■ EXERCISE REQUIREMENTS: Copy only the lines from the one with "(260711) -- CHENGDE, July" through the end of the records, exactly as they stand. No pictures belong in the copy.

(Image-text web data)
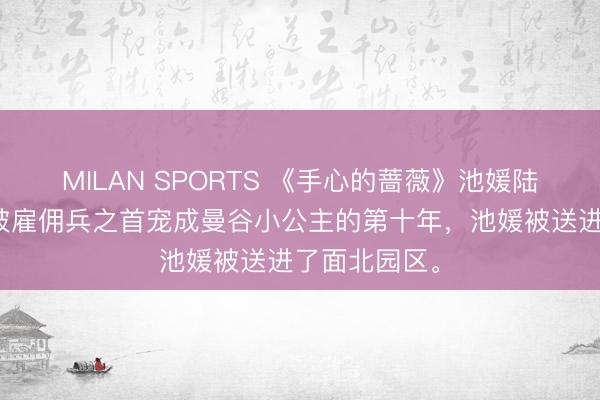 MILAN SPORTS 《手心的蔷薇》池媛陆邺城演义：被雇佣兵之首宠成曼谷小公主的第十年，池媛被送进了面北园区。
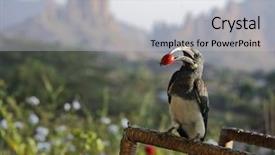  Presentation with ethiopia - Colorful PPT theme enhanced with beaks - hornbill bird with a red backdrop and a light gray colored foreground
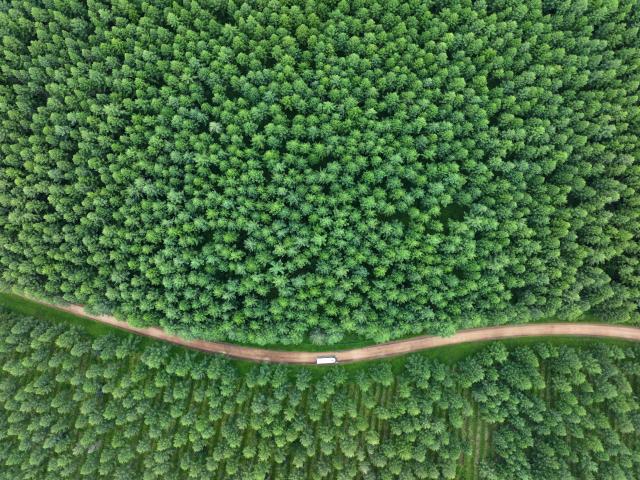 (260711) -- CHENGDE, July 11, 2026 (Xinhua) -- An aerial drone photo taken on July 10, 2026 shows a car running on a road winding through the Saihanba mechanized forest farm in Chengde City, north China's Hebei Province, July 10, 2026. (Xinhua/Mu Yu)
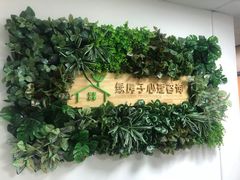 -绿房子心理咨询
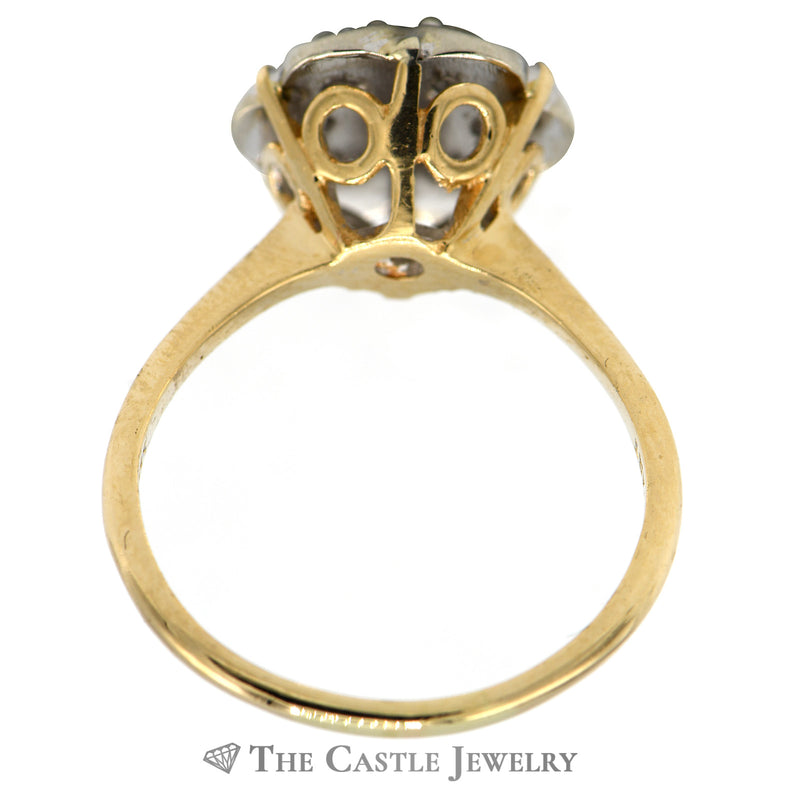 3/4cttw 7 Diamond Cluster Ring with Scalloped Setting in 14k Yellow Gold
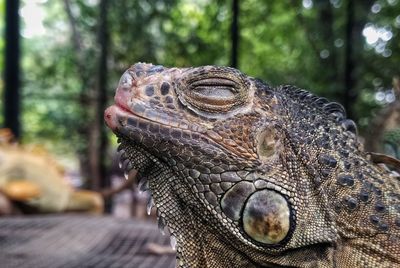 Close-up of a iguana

■ TASK RESULT:
 (260711) -- CHENGDE, July 11, 2026 (Xinhua) -- An aerial drone photo taken on July 10, 2026 shows a car running on a road winding through the Saihanba mechanized forest farm in Chengde City, north China's Hebei Province, July 10, 2026. (Xinhua/Mu Yu)
 -绿房子心理咨询
 3/4cttw 7 Diamond Cluster Ring with Scalloped Setting in 14k Yellow Gold
 Close-up of a iguana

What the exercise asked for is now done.